Jack Guckes traveled the world in more than 22 years with the Navy.
His oldest daughter, Dee Fagan, can count 16 schools she went to as a “Navy brat,” following her dad from Florida to Japan and points between. And she was around for just the last 10 or so years of his Navy days.
“My dad sailed for most of his life,” said Fagan, of Mays Landing, who knows she never had the full picture of his naval career, and has been realizing that even more since he died last month, at 86.
Fagan and her two sisters know he grew up in Philadelphia and retired to Somers Point, in part because his wife and their mom, the former Dorothy Kelly, had family in the town.
In between, Jack served his country for at least parts of three wars — World War II, Korea and Vietnam — and his family is trying to piece together what he did there. But he didn’t always make it easy for them.
“We found out at his funeral that he was apparently on a ship that was bombed,” said his middle daughter, Kim Goebel, of Willow Grove, Pa. “He was blown off the ship into the water, and he was in a coma for five days. We never knew that.”

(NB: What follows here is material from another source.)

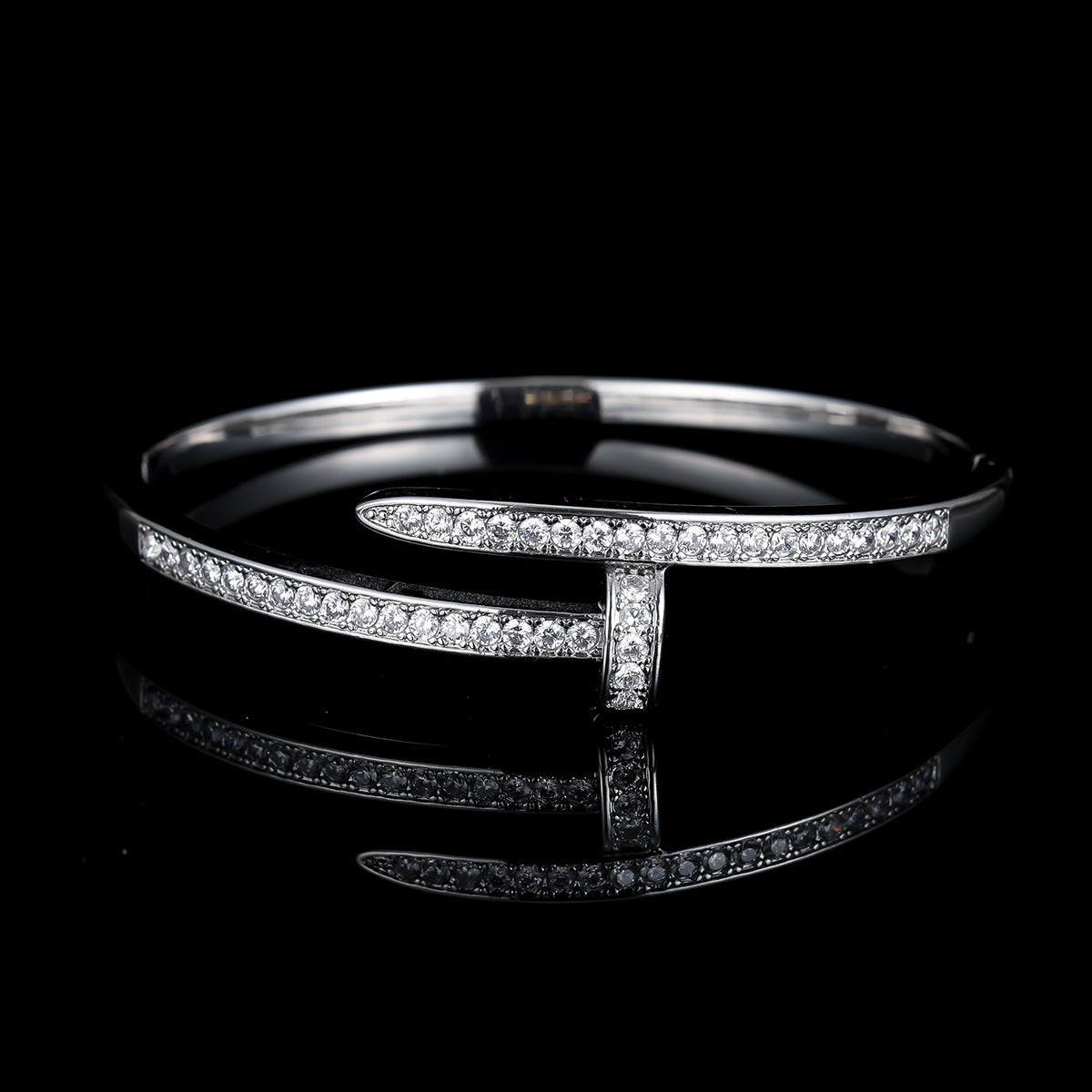 Cubic zirconia cuff bracelet by Yoshan, detail view 14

When Jack retired from the Navy, as a chief petty officer, he went from a base in Japan to being parts manager for a South Jersey car dealership. Fagan said he was a supply officer late in his Navy career, so the work was similar, even if the return to civilian life in America was a culture shock.
Later, Jack would go on to be a Somers Point police dispatcher. His daughters heard the story of him being blasted off his ship from a friend Jack told it to on an overnight shift as a dispatcher.

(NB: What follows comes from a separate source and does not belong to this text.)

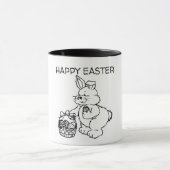 Frohe Ostern oder Ihr Text Niedlich Osterhase Tasse (Zentrum)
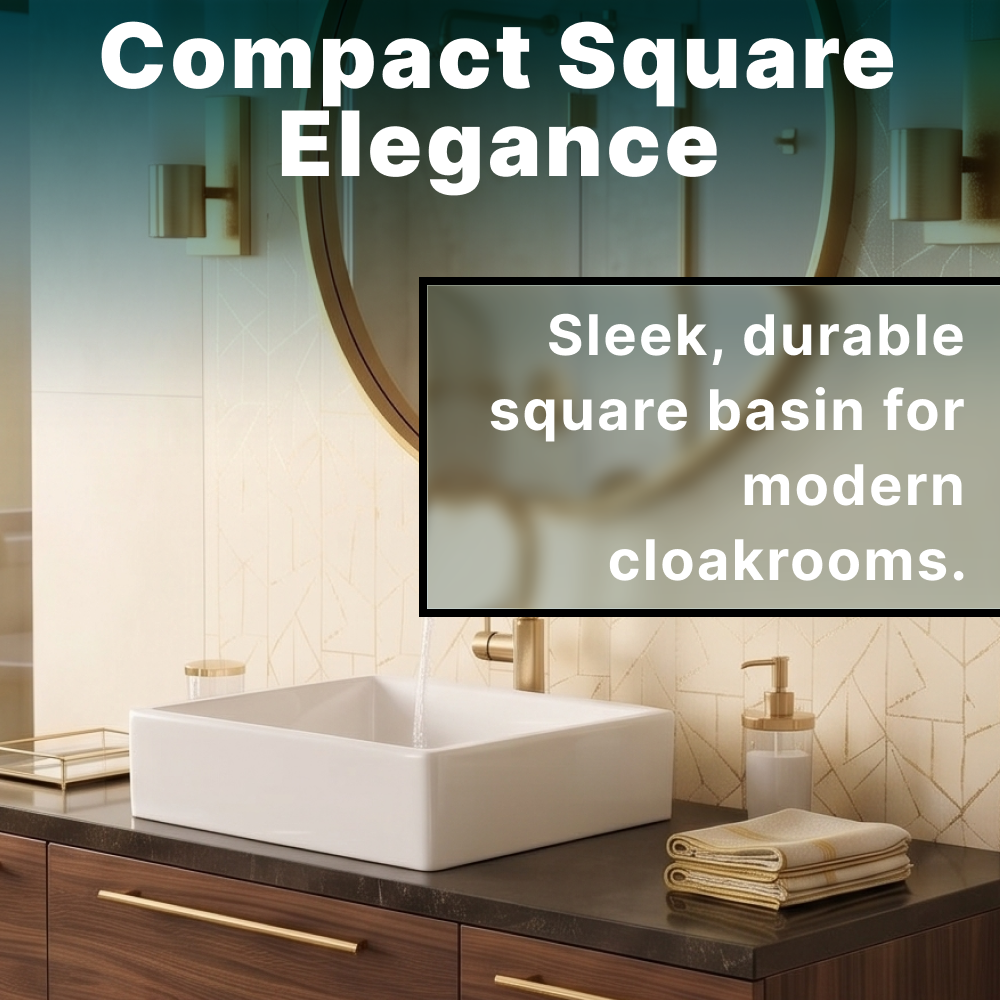 Cleo Square Cloakroom Countertop Basin - 380mm Wide - White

“He would tell us the sweet, funny stories that wouldn’t scare us,” Fagan said. “But he wouldn’t tell us the bad things.”

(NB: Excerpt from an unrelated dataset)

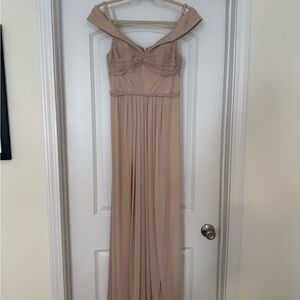 Azazie Off the Shoulder Champagne Dress / Bridesmaids Dress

And the daughters can’t ask their mother — she died in 2007.
Shortly after he returned to America, Jack joined Somers Point Volunteer Fire Company No. 2. He spent 31 years as a member and 11 years as president, said his nephew and colleague, Jim Guckes.
Jim said almost nobody around the firehouse ever called Jack by his real name. Instead, he was “Uncle Jack.”
“I always called him that,” said Jim, 63. “And I guess out of respect, everybody called him that.”
Jim saw Uncle Jack in action both as a firefighter and as a dispatcher, and said he was good in both roles — “cool under fire, accurate and knowledgeable.”
The fire company gave Uncle Jack a firefighter’s burial, including a firetruck escort to the cemetery and a “last call” over the radio, his nephew said.
But Jack wasn’t just a firefighter. Goebel said her dad’s last request was a military funeral, and he was buried in his old Navy dress uniform.